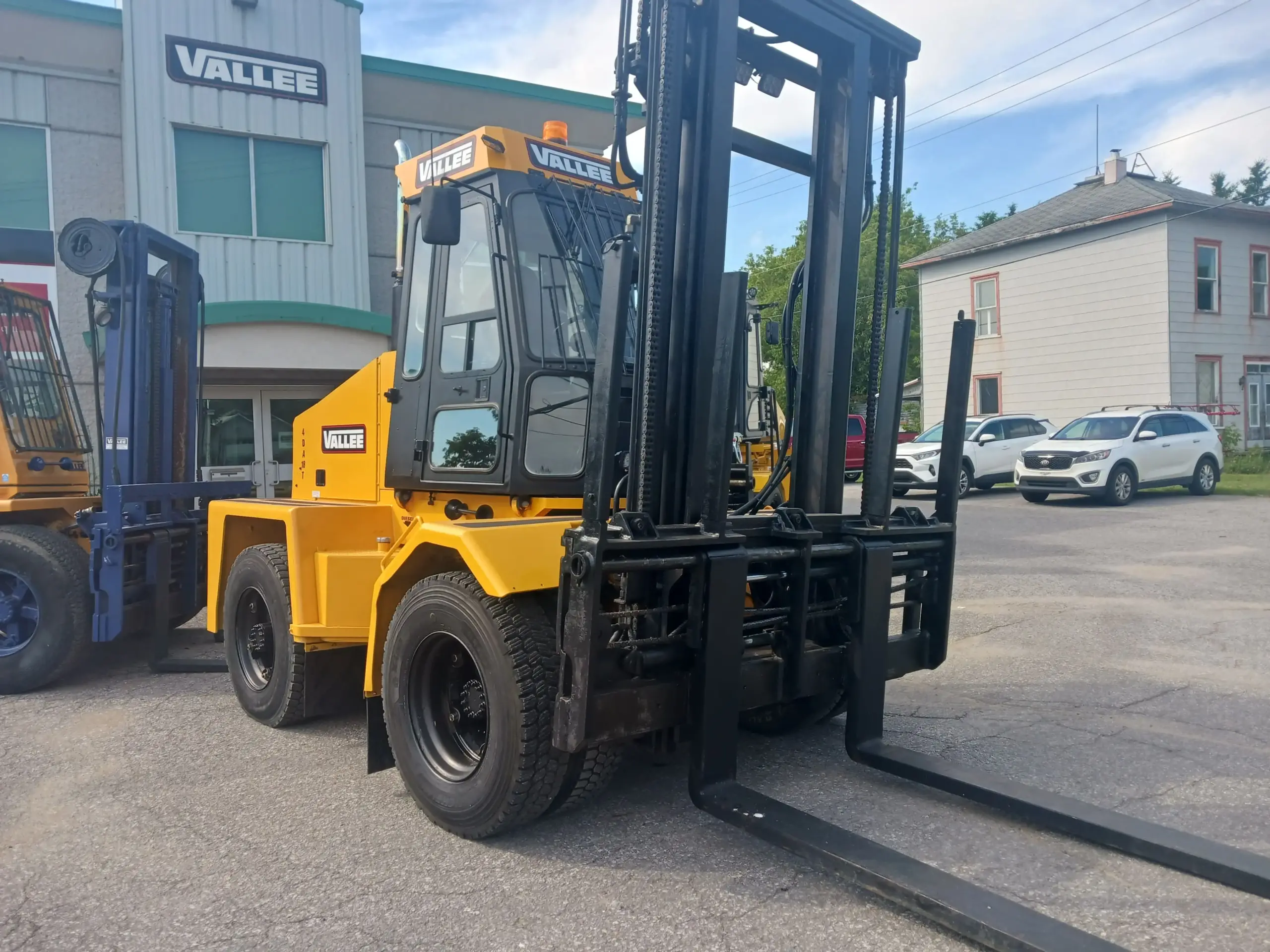 CHARIOT ÉLÉVATEUR: 4DA18T FORKLIFT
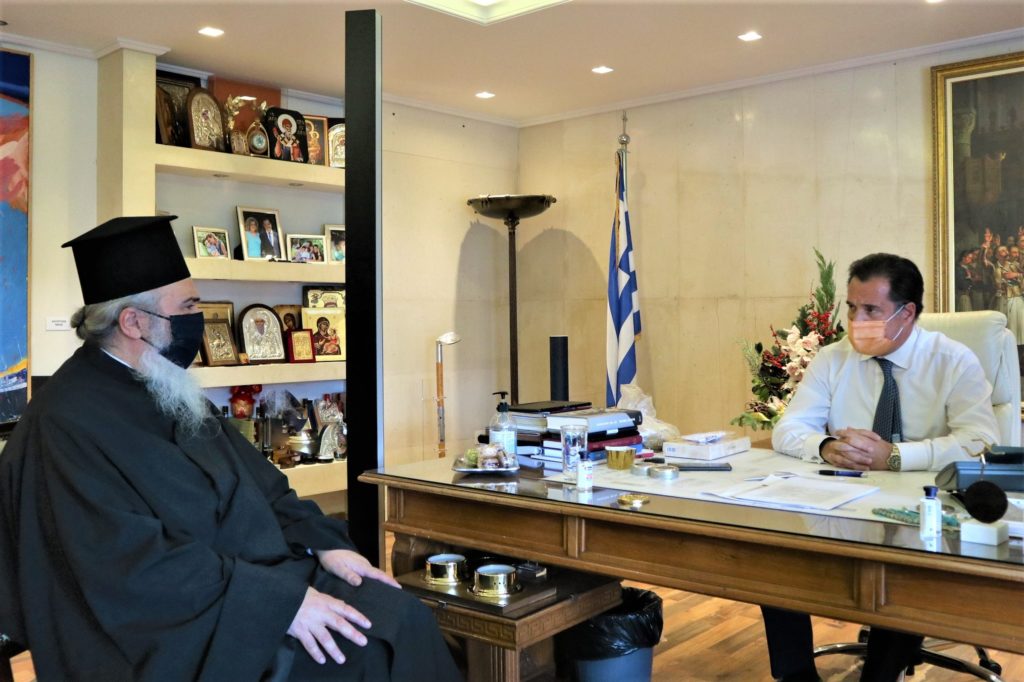 Ο υπουργός Ανάπτυξης συναντήθηκε με Μητροπολίτες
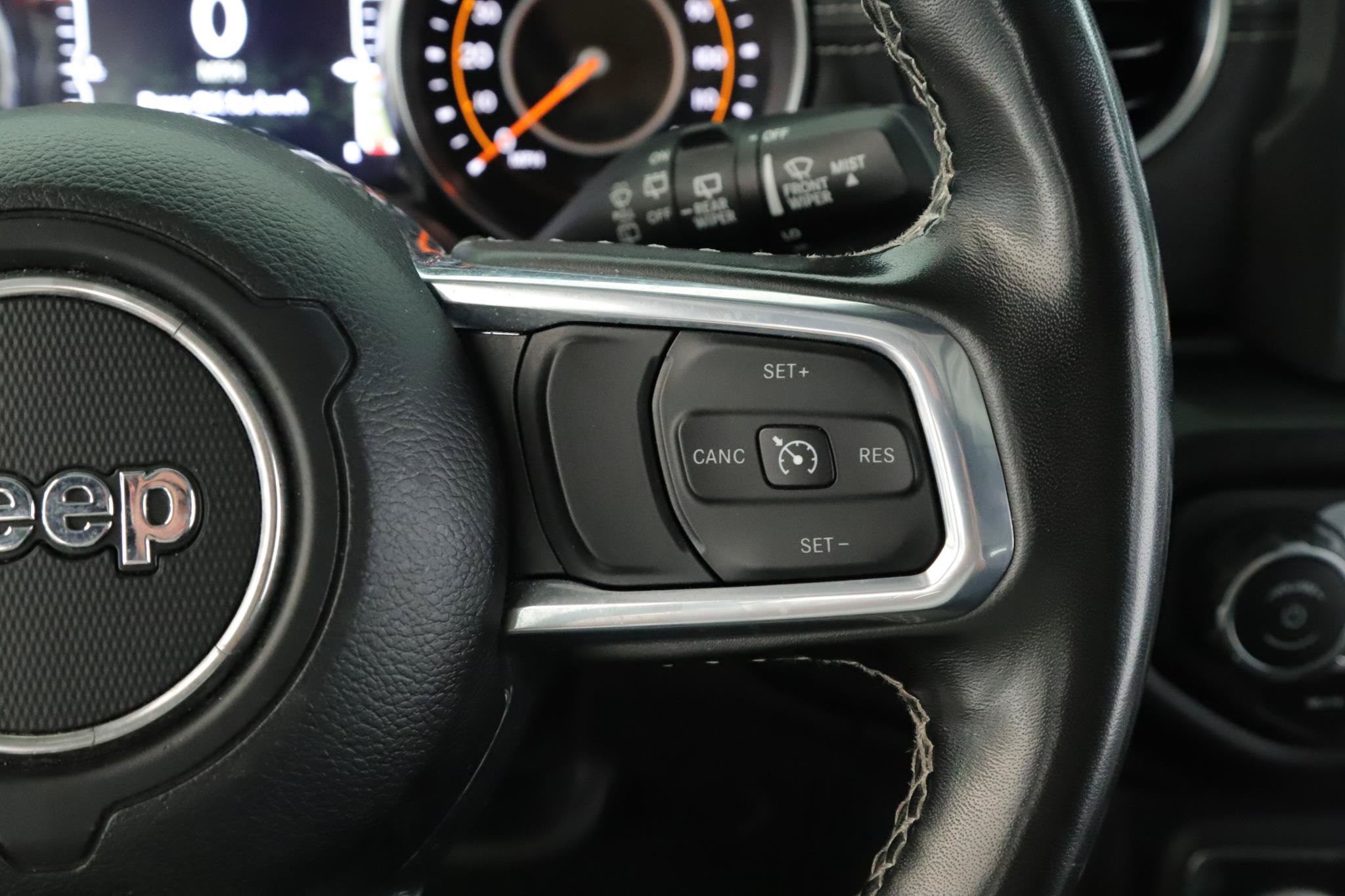 Used 2022 Jeep Wrangler Unlimited Sahara w/ Cold Weather Group AWD/4WD image 9
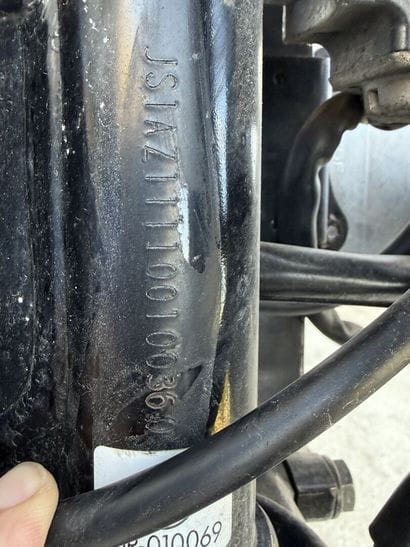 SUZUKI TU-X 125
June 30, 1999

Type: JS1AZ111100
Serial...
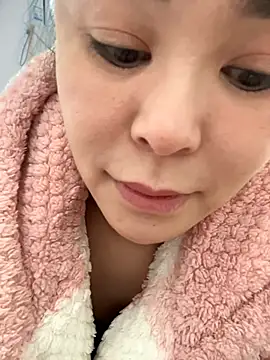 Snapshot of penny996 chatting on March 13, 2026, 3:24 am penny996 online show from March 13, 2026, 3:24 am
--------------------
◆ **Exercise directions**
The expected answer is the line with "SUZUKI TU-X 125" followed by every remaining line of the listing, each restated exactly, with all pictures dropped.

◆ **Answer section**
 SUZUKI TU-X 125
June 30, 1999

Type: JS1AZ111100
Serial...
 Snapshot of penny996 chatting on March 13, 2026, 3:24 am penny996 online show from March 13, 2026, 3:24 am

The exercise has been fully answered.